● **Task directions**
Would you write out the entries below word for word, omitting the pictures?

Short text fragments from websites
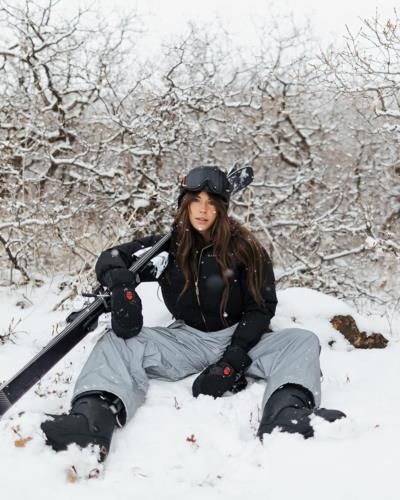 Kelsey Wells Embraces Winter Beauty with Snowy Adventures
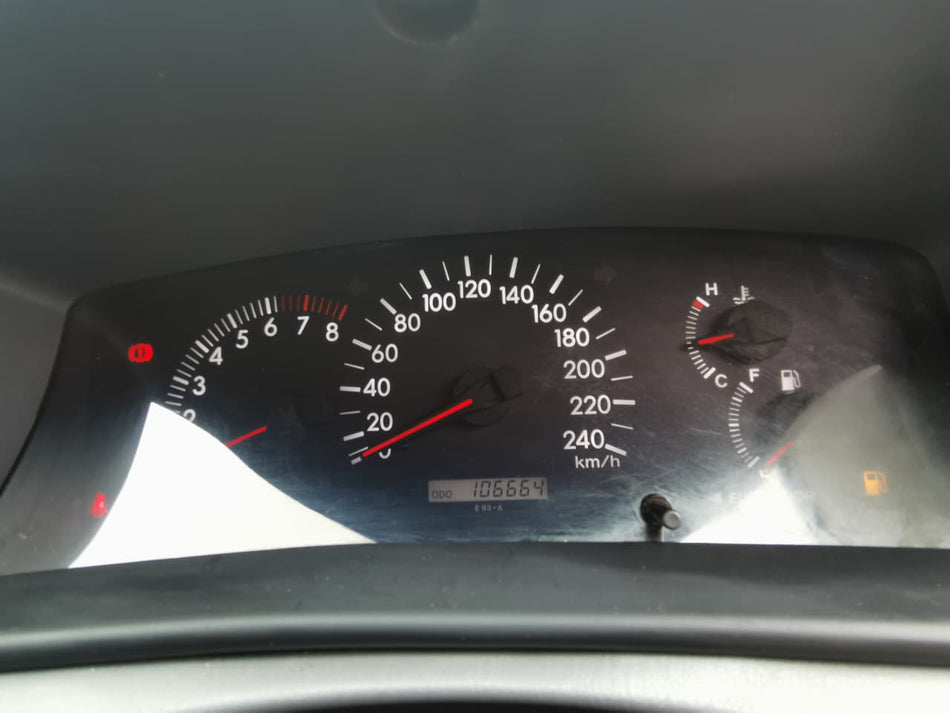 2005 Toyota Corolla 160i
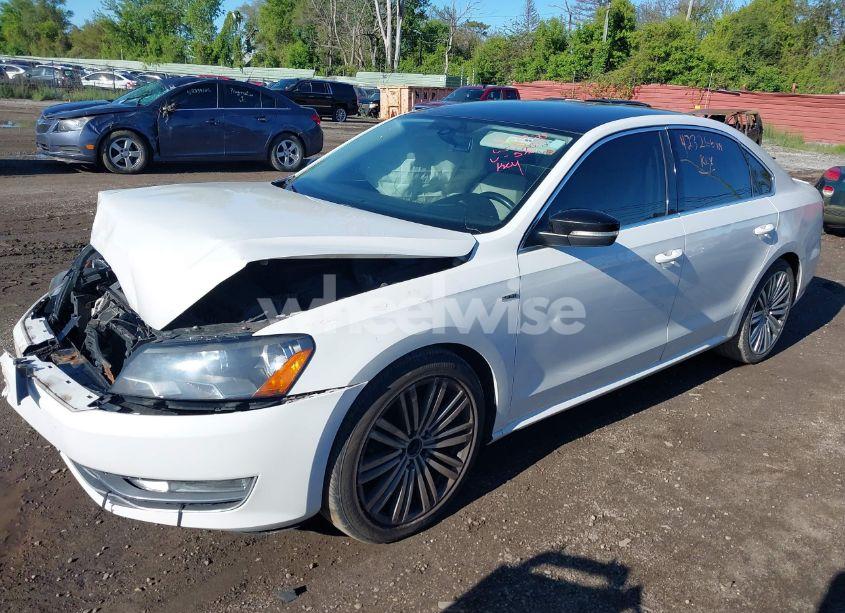 Photo 2 of 2015 Volkswagen Passat 1.8T SPORT (VIN 1VWBS7A31FC075721)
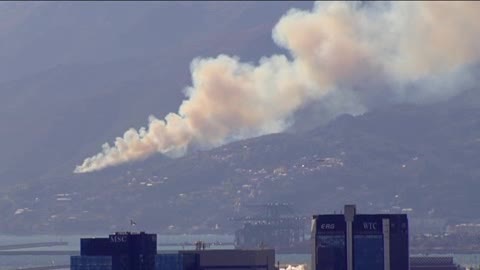 Incendio sulle alture di Vesima: le fiamme viste dal centro di Genova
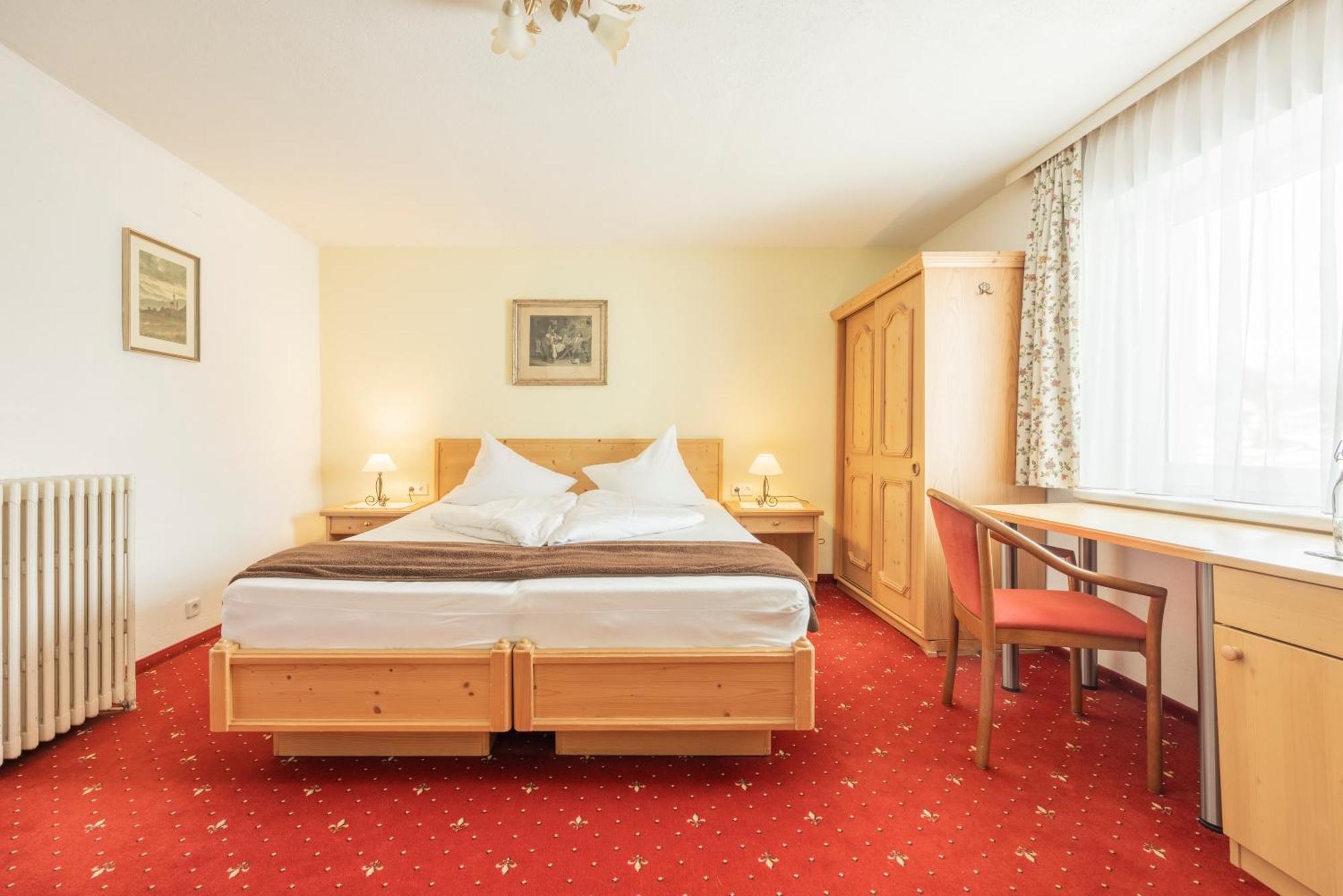 Hotel Schoenegg Seefeld in Tirol Chambre photo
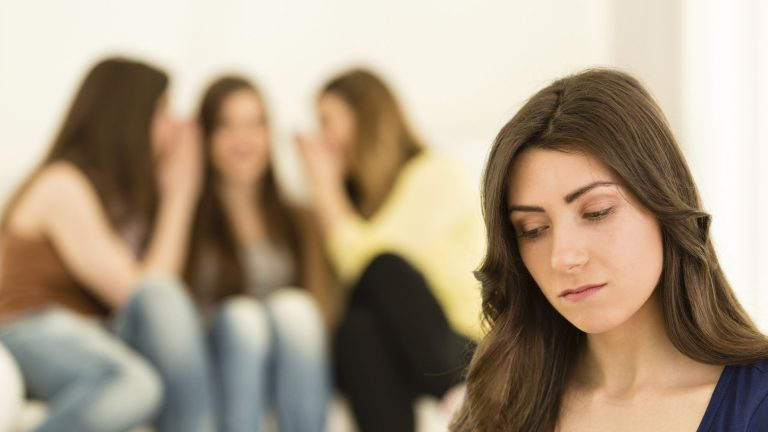 Tri horoskopska znamenja, ki so obsedena so s tem, kaj si drugi mislijo o njih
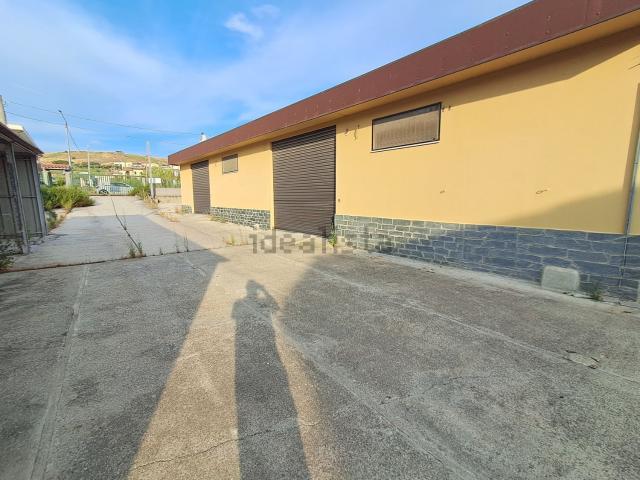 Locale Commerciale in affitto a Calabria, Catanzaro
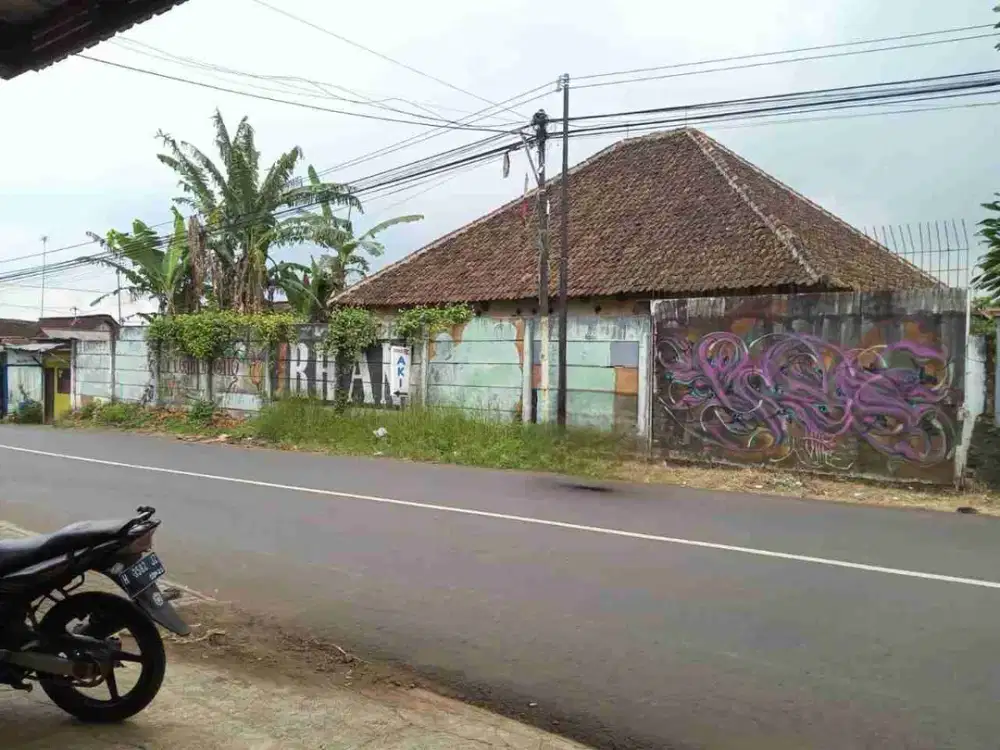 Tanah komersial Sukorejo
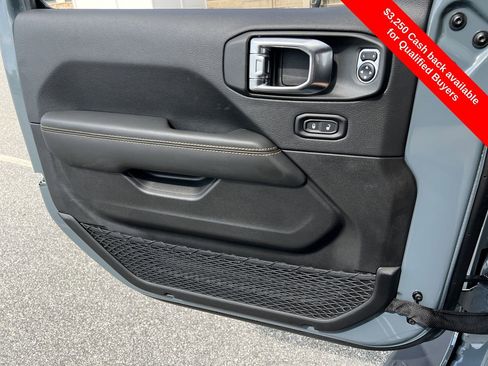 New 2025 Jeep Gladiator Sport image 16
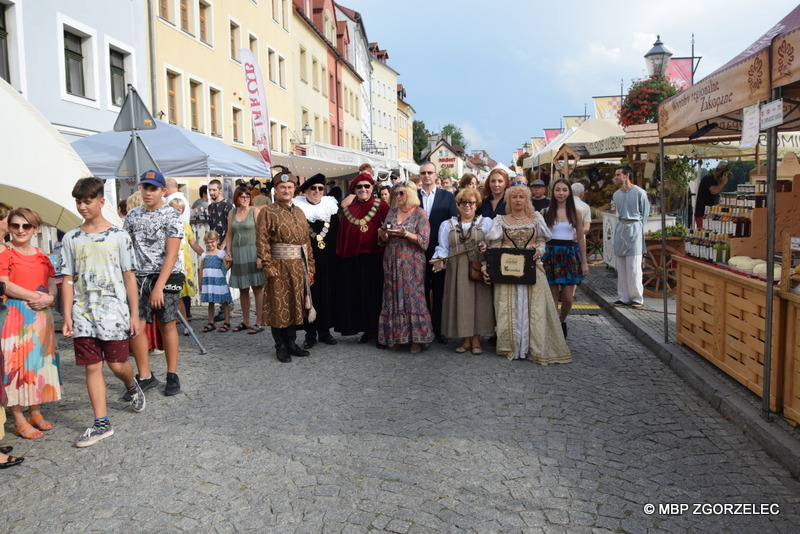 Jakuby 2022. Uczestnicy pochodu na Most Staromiejski.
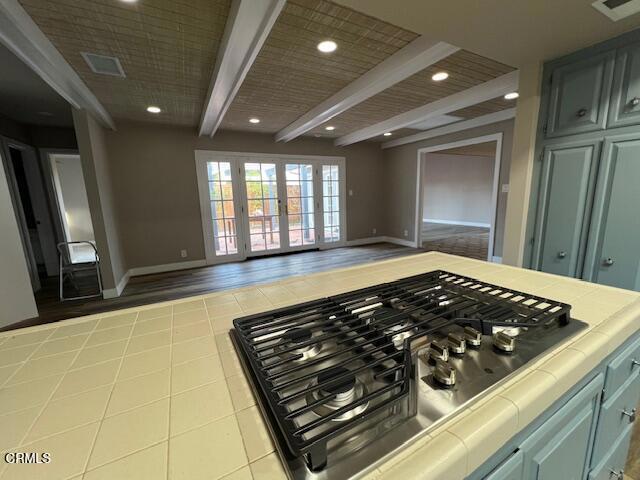 Detail Gallery Image 4 of 18 For 1245 Seafarer St, Ventura,  CA 93001 - 3 Beds | 2 Baths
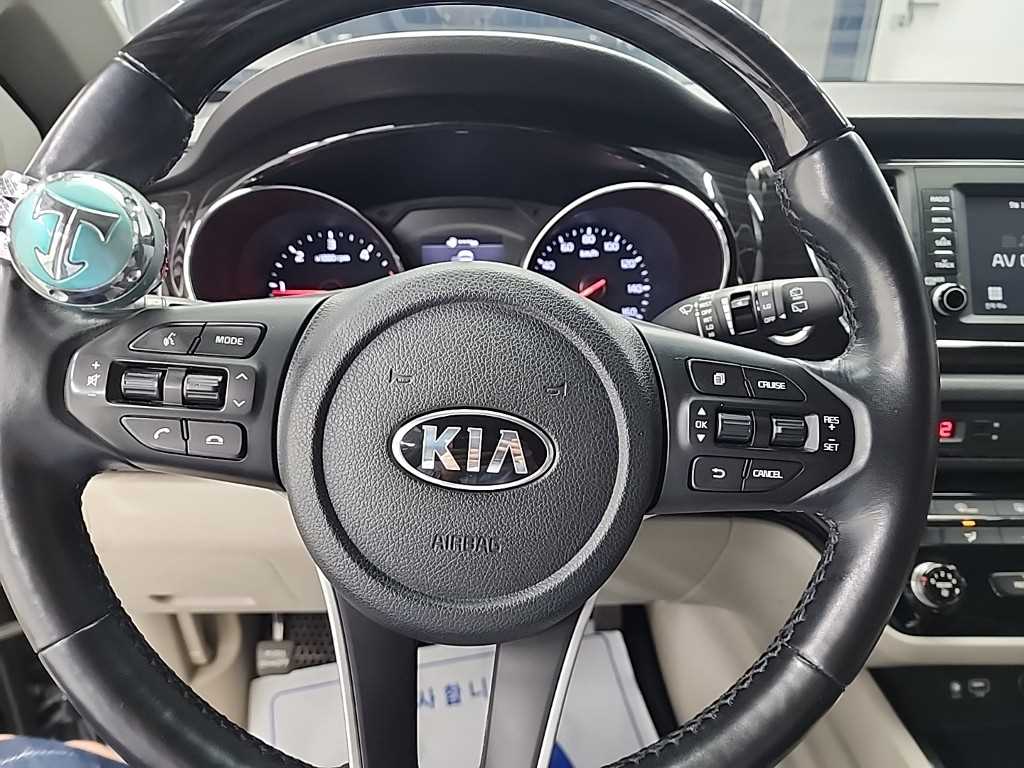 KIA Carnival - Vista 9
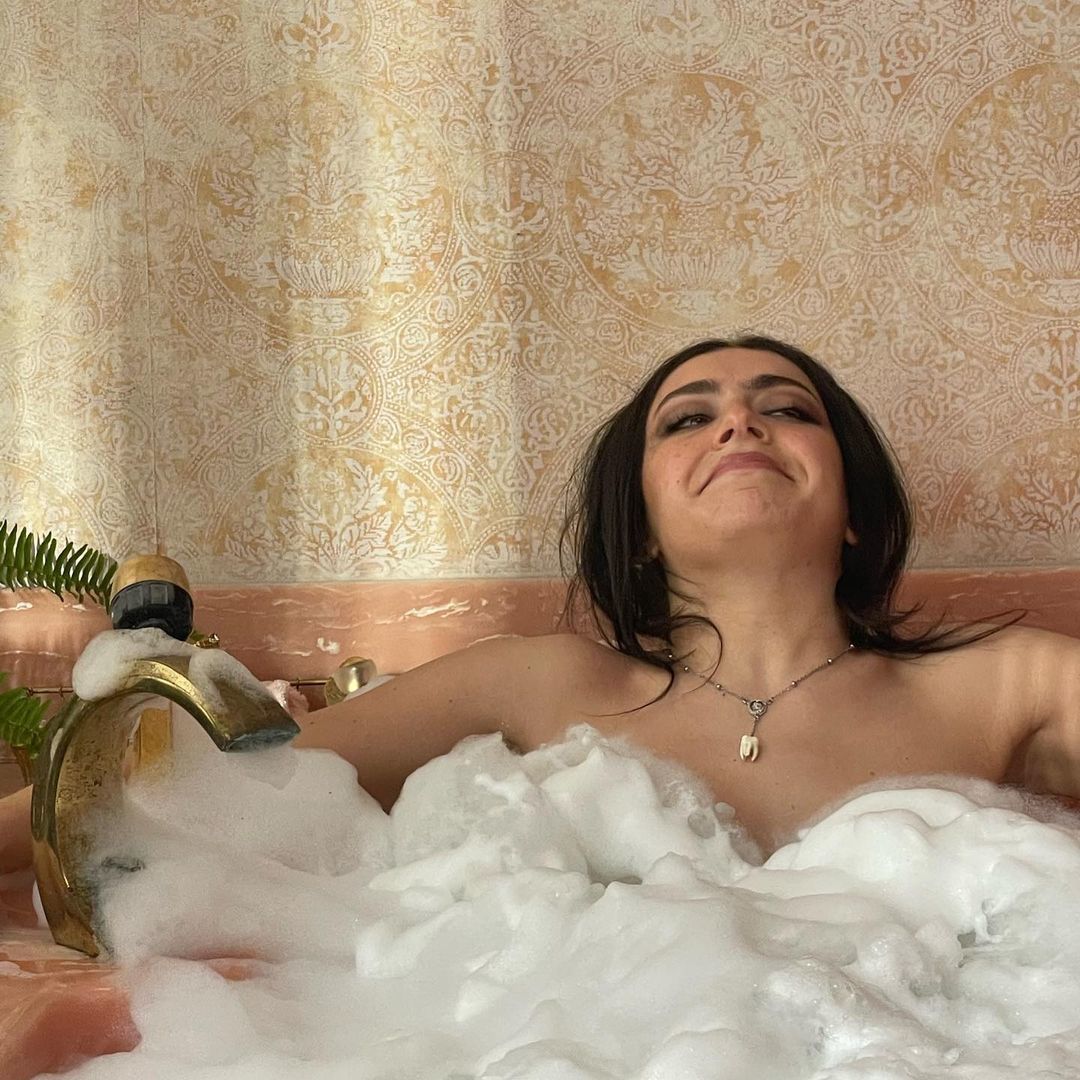 Photos n°7 : Charli XCX is a Sexy Nun in New Music Video!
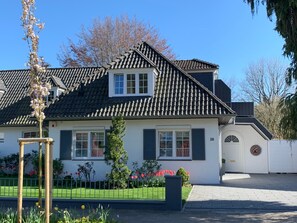 Exterior - Holiday Home 'Feel at Home in Different Spaces' with Wi-Fi (Heide)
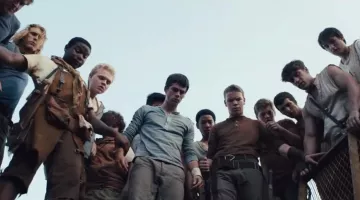 The t-shirt J. Crew Dylan O'brien in The Maze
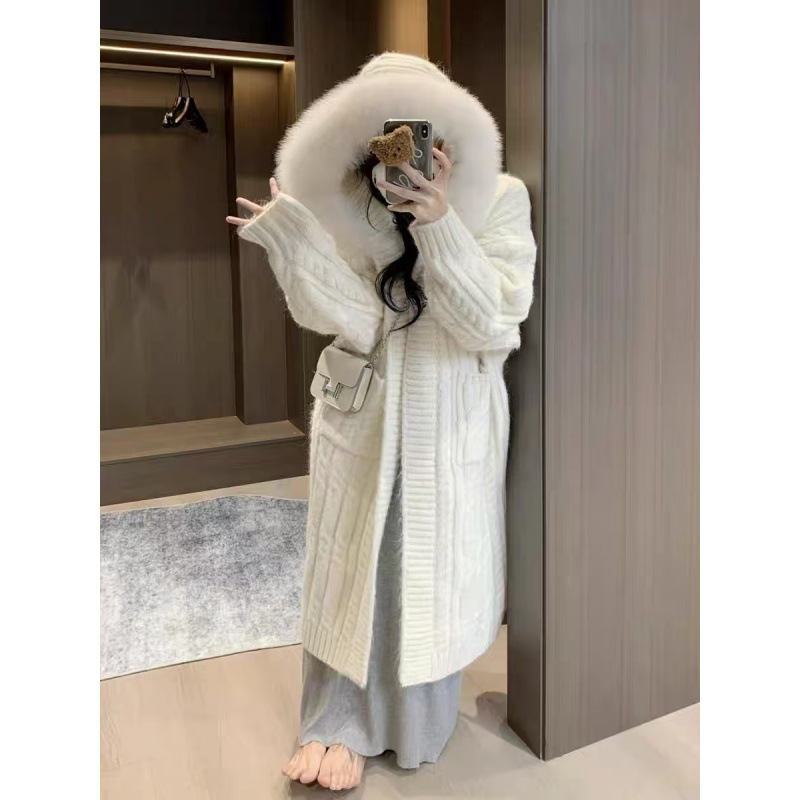 Autumn and Winter Relaxed and Lazy Style Hooded Twist Long Knitted Cardigan Thickeneded Sweater Jacket with Detachable Fur Collar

● **Answer section**
 Kelsey Wells Embraces Winter Beauty with Snowy Adventures
 2005 Toyota Corolla 160i
 Photo 2 of 2015 Volkswagen Passat 1.8T SPORT (VIN 1VWBS7A31FC075721)
 Incendio sulle alture di Vesima: le fiamme viste dal centro di Genova
 Hotel Schoenegg Seefeld in Tirol Chambre photo
 Tri horoskopska znamenja, ki so obsedena so s tem, kaj si drugi mislijo o njih
 Locale Commerciale in affitto a Calabria, Catanzaro
 Tanah komersial Sukorejo
 New 2025 Jeep Gladiator Sport image 16
 Jakuby 2022. Uczestnicy pochodu na Most Staromiejski.
 Detail Gallery Image 4 of 18 For 1245 Seafarer St, Ventura,  CA 93001 - 3 Beds | 2 Baths
 KIA Carnival - Vista 9
 Photos n°7 : Charli XCX is a Sexy Nun in New Music Video!
 Exterior - Holiday Home 'Feel at Home in Different Spaces' with Wi-Fi (Heide)
 The t-shirt J. Crew Dylan O'brien in The Maze
 Autumn and Winter Relaxed and Lazy Style Hooded Twist Long Knitted Cardigan Thickeneded Sweater Jacket with Detachable Fur Collar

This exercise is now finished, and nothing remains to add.